Rhian Hutchings reminisces on family photographs, and the sentimental value they have for us in lockdown.
“Short people at the front, tall people at the back!”, a commonly used phrase for those chaotic and crowded school photographs or, in my case, the annual family photographs where there’s a collection of grins, awkward smiles, and grimaces. Most of them involve at least one person looking away, a dog or two taking centre stage and maybe a blurry finger over the lens. Despite the mishaps and disarray that is a family photo there is beauty in capturing moments in their messiest forms. The family photograph or portrait, a convention previously confined to the upper class has survived the past few centuries and has gone from expensive paintings to appearing everywhere from Instagram posts to Moonpig cards. I have spent many a lockdown afternoon retrieving the photo albums from the top shelf only to be sending amused ‘Whatsapps’ to various cousins questioning various fashion choices and facial expressions. These photographs have increased in sentimental value every year, acting not only as reminders but as little jigsaw pieces adding nuance to memories of past years.
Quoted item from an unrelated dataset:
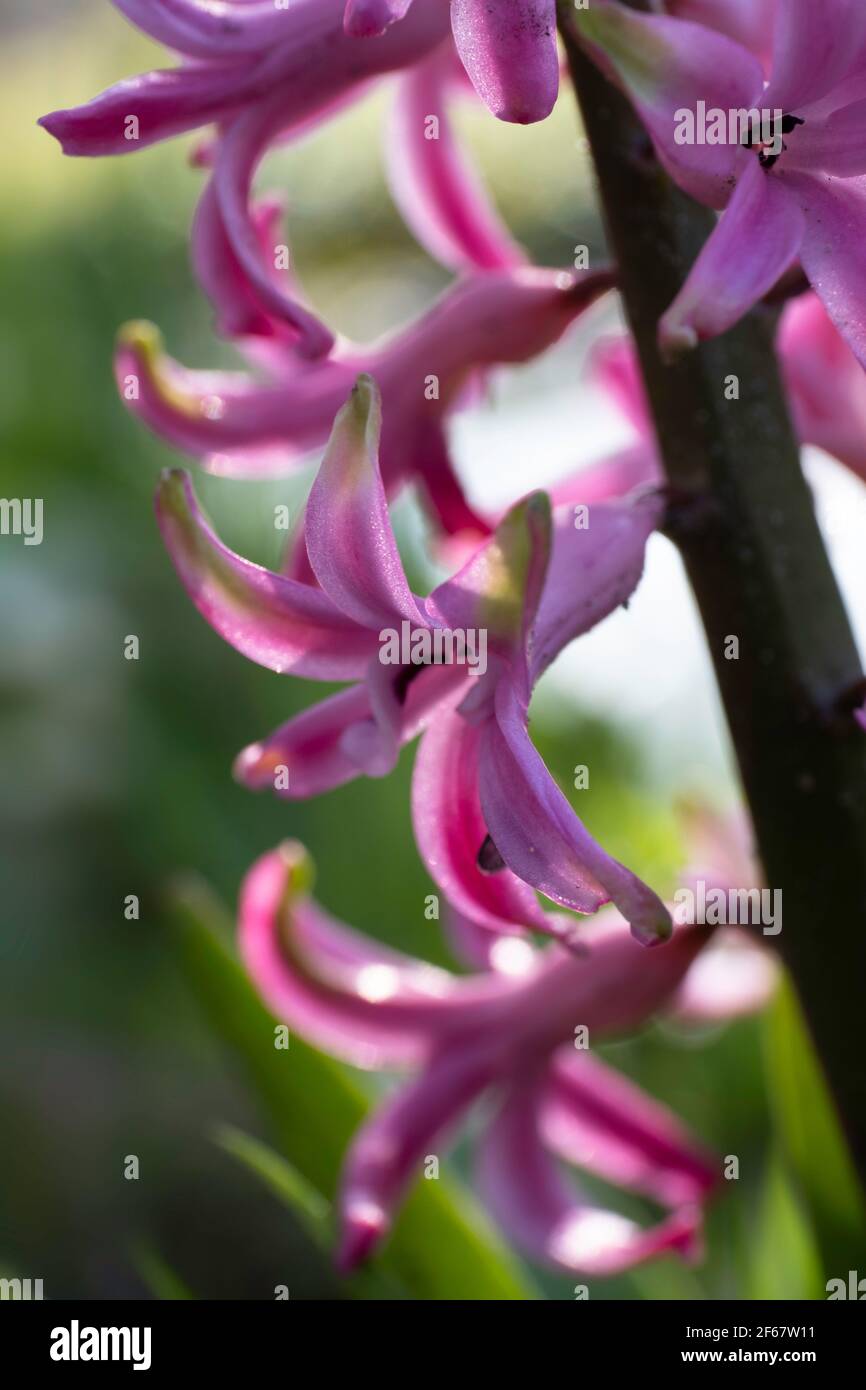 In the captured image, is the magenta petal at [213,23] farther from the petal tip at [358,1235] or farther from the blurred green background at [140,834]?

Despite the rather clichéd phrase, photos are indeed like an archive of moments frozen in time. They are brought back to life with the feelings they stir up as they’re passed round over a cup of tea, sent via a text, or put in photo frames around the house. Historically photographs, albeit stiffer and slightly more rigid in dress code, have been a means of recording things. They held records of people and families long before their artistic purpose capturing sunsets and seaside views. As the ability to capture moments and people trickled through the social classes, the sentimental value of photographs increased. Photos of children became popular in the Victorian era as the child mortality rate soared. People of the lower and middle classes could access family photographs and photographs of their children proving that they too deserved a presence in these visual history records. Queen Victoria began to photograph as many aspects of royal life as possible, a trend that has continued until today as the ease of printing and developing photos increases with the domination of the iPhone. Candid photographs have made a resurgence with the popularity of disposables and polaroid cameras. They capture the informal parts of family life as they lack the self-awareness of ten people staring at a camera showing those precious moments when we think nobody’s watching.
These photographs have increased in sentimental value every year, acting not only as reminders but as little jigsaw pieces adding nuance to memories of past years
Every family album is a plethora of stories and of people coming together. Not only is it a form of transportation but a connection between the now and the then. Despite the growing popularity and instant nature of photos I believe they continue to fulfil their original purpose, portraying a singular moment in time. These moments from the past are like a balm to for the present we cannot take photos of people together. I used to dread the moment when the camera came out and we were all made to “sit up straight and smile”, now I vow to enjoy the brief chaos for the sake of being able to relive the moment for years to come.